International career
- 2010–2012: Italy U-21 / 2 / (0)

= Giuseppe Rizzo =

Italian footballer (born 1991)

Giuseppe Rizzo (born 18 March 1991) is an Italian footballer who plays as a midfielder for Serie D club Locri.

==Club career==
He started his career in Serie B with Reggina, debuted for the club on 26 November 2009, in the Coppa Italia defeat against Palermo. His debut in Serie B was on 19 April 2010, against Crotone. The final result of the match was a win for Reggina. Rizzo made his first goal for the club on the match against Piacenza.

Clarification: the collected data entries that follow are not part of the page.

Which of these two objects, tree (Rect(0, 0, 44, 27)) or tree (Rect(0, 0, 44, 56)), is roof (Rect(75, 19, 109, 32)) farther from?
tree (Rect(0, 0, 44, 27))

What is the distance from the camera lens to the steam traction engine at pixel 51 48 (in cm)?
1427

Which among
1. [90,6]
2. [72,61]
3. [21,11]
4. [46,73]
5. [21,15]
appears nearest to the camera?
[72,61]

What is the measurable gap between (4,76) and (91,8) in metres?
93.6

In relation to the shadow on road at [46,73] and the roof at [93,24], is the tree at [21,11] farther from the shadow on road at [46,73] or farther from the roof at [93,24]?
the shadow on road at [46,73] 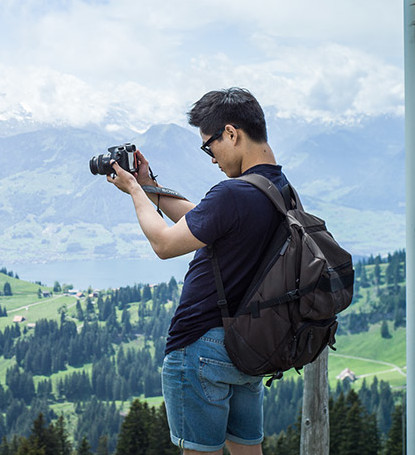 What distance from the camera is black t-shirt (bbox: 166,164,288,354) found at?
1674 millimetres

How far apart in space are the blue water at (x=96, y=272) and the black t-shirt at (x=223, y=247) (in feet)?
261

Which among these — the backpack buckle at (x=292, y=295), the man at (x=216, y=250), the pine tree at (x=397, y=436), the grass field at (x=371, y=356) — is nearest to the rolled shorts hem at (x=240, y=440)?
the man at (x=216, y=250)

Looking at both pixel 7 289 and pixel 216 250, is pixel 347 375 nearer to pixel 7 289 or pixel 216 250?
pixel 7 289

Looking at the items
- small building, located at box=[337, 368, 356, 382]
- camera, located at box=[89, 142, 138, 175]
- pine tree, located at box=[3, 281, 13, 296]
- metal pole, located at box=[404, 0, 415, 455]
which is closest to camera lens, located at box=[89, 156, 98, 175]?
camera, located at box=[89, 142, 138, 175]

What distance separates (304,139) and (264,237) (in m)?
131

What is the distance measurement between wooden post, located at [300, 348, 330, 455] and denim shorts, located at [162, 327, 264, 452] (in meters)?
1.61

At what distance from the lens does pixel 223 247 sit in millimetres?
1729

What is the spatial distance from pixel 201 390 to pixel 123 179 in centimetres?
63

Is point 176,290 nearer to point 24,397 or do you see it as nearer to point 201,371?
point 24,397

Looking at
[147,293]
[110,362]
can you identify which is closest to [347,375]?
[147,293]

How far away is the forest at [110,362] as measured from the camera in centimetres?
4875

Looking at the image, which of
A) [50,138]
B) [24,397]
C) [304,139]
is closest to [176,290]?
[24,397]

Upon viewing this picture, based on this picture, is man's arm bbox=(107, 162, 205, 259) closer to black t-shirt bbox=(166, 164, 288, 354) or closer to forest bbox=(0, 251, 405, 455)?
black t-shirt bbox=(166, 164, 288, 354)

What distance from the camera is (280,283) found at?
1687 millimetres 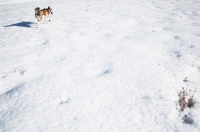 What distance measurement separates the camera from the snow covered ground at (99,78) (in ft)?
12.3

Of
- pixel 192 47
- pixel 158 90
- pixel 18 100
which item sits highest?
pixel 192 47

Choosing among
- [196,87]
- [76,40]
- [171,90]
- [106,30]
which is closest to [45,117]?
[171,90]

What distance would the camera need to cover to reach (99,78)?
17.4 feet

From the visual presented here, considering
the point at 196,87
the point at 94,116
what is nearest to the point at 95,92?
the point at 94,116

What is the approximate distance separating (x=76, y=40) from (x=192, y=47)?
508cm

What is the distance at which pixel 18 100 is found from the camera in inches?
177

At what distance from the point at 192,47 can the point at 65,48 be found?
5222mm

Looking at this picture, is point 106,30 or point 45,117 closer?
point 45,117

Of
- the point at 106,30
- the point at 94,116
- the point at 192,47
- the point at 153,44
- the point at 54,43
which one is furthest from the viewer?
the point at 106,30

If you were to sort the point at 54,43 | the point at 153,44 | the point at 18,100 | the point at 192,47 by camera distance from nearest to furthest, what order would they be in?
the point at 18,100, the point at 192,47, the point at 153,44, the point at 54,43

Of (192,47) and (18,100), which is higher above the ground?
(192,47)

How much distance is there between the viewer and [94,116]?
3857 millimetres

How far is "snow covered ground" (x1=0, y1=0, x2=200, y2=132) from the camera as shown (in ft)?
12.3

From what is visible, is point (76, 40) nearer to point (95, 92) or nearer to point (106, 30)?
point (106, 30) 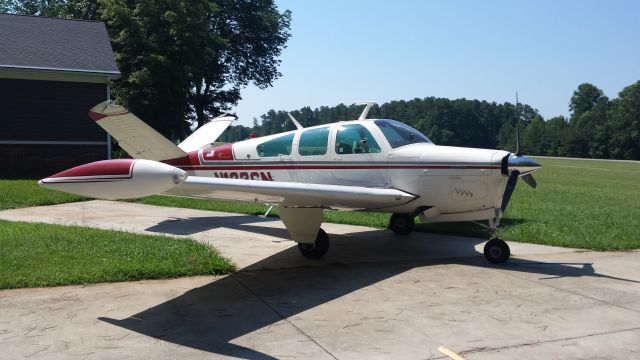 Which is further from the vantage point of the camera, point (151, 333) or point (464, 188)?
point (464, 188)

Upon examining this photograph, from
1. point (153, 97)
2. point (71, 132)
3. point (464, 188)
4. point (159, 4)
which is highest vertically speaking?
point (159, 4)

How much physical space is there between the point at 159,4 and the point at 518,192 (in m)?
22.8

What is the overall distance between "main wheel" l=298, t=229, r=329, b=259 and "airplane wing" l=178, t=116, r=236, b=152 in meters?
4.07

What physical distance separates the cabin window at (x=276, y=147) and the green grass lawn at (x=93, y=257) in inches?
71.6

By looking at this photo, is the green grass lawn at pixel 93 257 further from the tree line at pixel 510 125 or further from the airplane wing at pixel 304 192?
the tree line at pixel 510 125

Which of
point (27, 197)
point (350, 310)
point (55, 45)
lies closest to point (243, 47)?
point (55, 45)

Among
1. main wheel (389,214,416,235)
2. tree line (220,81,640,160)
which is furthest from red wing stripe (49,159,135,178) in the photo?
tree line (220,81,640,160)

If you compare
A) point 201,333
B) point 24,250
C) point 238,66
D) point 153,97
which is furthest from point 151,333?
point 238,66

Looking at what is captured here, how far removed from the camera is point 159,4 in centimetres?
3044

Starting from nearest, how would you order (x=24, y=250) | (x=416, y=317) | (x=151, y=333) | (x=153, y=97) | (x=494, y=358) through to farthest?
(x=494, y=358)
(x=151, y=333)
(x=416, y=317)
(x=24, y=250)
(x=153, y=97)

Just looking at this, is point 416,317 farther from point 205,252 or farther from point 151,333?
point 205,252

On 10 August 2020, he moved to Triestina on a 2-year contract.

On 31 August 2021 he returned to Pescara. On 29 January 2022, he joined his home town club ACR Messina on loan until the end of the season.

==International career==
Rizzo was called up for the first time by manager Ciro Ferrara for the Italy U-21 squad in a friendly match against Turkey in November 2010. On 17 November 2010, the match was played at Stadio Bruno Recchioni in Fermo. The final result was 2-1, and Rizzo came off the bench for his debut in the 75th minute.

In the 2011–12 season, he played once for Italy under-21 Serie B representative team, the B team of the U21.